Supplied records >>
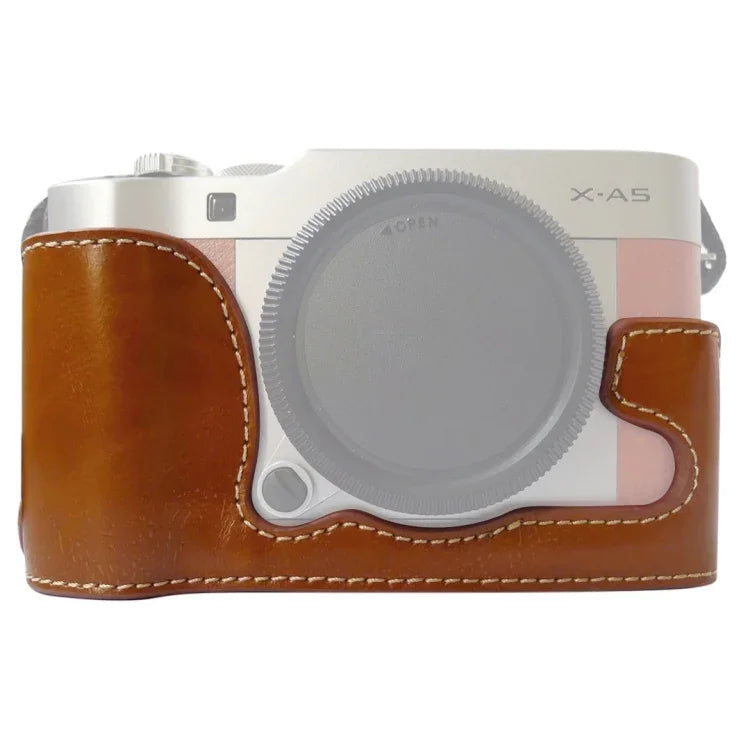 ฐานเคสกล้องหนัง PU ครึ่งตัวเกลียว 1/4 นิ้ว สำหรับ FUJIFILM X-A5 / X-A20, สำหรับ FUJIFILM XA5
...
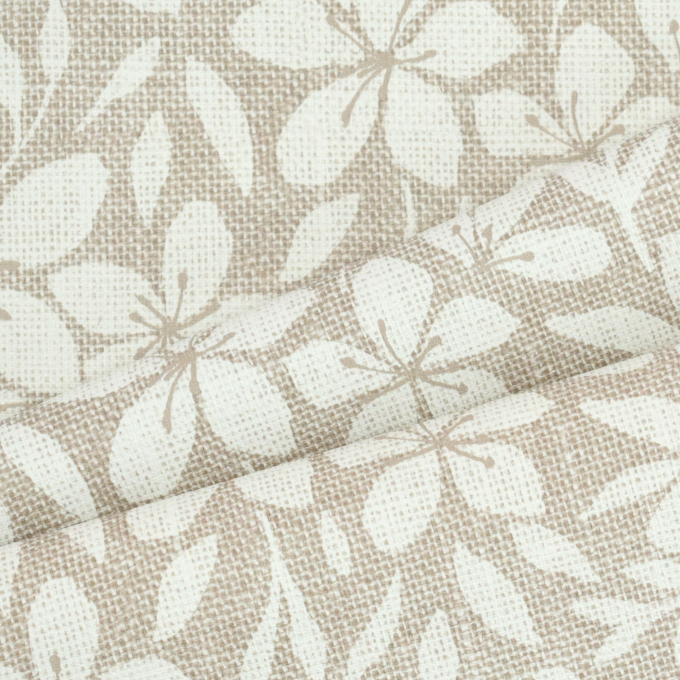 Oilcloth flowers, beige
...
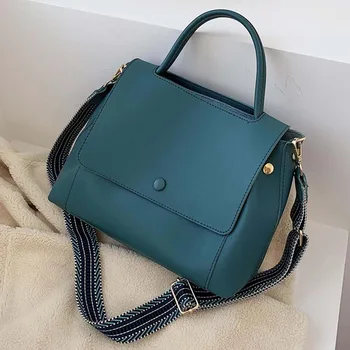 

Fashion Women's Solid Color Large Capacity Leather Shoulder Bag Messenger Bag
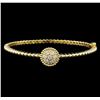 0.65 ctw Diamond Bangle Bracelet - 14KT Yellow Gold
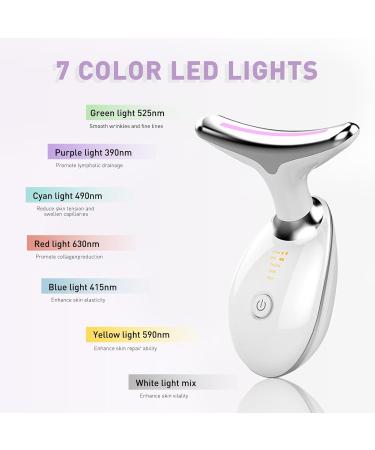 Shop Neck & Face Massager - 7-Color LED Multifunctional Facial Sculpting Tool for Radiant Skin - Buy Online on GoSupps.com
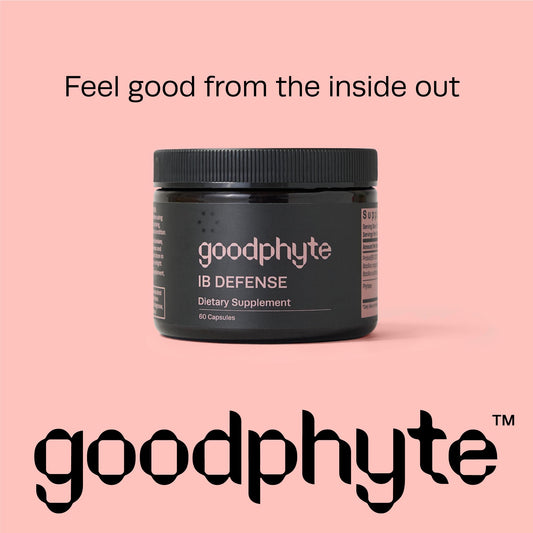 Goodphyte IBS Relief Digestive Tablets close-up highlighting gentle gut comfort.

Task details >> While skipping the pictures, transcribe the data above from the line showing "Shop Neck &" through the line showing "Goodphyte IBS Relief", exactly and with both ends.

Task answer >>
 Shop Neck & Face Massager - 7-Color LED Multifunctional Facial Sculpting Tool for Radiant Skin - Buy Online on GoSupps.com
 Goodphyte IBS Relief Digestive Tablets close-up highlighting gentle gut comfort.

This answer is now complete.